Seiyu improved under Wal-mart’s stewardship. Sales rose, losses dropped, employees and managers said headquarters more responsive to the suggestions and needs but sill the stores remained unprofitable. Seiyu continue to lose money in 2002, 2003, 2004, 2005, 2006, 2007

As of 2007, Seiyu’s value had declined by three-fourths since Wal-Mart began its investments. In March 2008, Seiyu shareholders approved an offer by Wal-mart to make the store a wholly-owned subsidiary of Wal-Mart. In October 2008, Seiyu announced it planned to close 20 stores, 5 percent of its total, by mid 2009.

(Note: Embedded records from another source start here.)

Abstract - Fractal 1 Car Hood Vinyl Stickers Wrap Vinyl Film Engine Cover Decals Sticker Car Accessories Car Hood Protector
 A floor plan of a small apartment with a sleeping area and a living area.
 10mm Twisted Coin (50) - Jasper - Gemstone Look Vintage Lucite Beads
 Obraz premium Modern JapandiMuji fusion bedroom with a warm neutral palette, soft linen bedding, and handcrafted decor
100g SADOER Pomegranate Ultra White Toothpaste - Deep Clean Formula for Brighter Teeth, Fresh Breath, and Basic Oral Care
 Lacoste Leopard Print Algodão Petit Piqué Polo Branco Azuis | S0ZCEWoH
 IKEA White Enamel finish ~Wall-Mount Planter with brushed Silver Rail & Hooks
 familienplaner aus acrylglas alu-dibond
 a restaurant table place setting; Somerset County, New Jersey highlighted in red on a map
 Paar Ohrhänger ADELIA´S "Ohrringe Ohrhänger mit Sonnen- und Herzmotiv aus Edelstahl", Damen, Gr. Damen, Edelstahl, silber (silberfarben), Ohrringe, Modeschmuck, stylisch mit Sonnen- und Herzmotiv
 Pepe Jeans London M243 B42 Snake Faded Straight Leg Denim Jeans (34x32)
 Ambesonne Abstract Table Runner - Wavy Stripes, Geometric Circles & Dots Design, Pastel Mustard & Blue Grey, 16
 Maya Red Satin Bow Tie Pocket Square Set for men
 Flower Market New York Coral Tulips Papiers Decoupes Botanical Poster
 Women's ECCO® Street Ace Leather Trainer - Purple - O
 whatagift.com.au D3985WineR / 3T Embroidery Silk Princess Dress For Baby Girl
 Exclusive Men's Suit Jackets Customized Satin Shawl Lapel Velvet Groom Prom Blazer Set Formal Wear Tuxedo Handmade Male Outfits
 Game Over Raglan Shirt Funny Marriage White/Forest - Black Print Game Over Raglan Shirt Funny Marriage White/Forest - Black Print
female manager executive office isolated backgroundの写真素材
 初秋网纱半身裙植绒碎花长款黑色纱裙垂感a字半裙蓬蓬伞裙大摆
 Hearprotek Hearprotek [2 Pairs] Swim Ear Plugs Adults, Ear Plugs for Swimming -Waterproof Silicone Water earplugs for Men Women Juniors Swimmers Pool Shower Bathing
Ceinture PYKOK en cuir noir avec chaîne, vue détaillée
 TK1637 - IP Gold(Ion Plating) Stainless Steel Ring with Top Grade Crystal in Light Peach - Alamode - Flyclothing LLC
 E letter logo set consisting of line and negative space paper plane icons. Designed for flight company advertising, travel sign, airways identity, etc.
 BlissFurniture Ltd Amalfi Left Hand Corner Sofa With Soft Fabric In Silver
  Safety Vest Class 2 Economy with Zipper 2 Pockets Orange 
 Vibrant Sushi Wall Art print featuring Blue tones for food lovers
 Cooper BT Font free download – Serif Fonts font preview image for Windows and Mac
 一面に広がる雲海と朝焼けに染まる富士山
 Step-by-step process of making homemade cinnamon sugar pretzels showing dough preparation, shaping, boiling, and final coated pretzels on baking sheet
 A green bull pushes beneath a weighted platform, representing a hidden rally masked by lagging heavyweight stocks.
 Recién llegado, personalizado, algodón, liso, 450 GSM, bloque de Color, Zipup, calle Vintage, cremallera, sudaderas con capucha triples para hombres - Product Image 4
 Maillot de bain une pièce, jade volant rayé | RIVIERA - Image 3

Mom and Pop Stores in Japan

small jewelry store
Small traditional shops accounted for more than half the retail employment, 12 percent of total employment and 5 percent of GNP in Japan as of the early 2000s. Many shops are two story building with the shop in the first floor and a home for the owners on the second floor.

The shops have traditionally been source of community cohesion. Shopkeepers chatted with customers and passed on gossip, helped organize festivals and were heavily involved in school and community activities.

Small traditional shops are notoriously inefficient. According to one survey they have a productivity rating of 33 percent compared to 93 percent for discounters, 88 percent for convenience stores and 70 percent for department stores.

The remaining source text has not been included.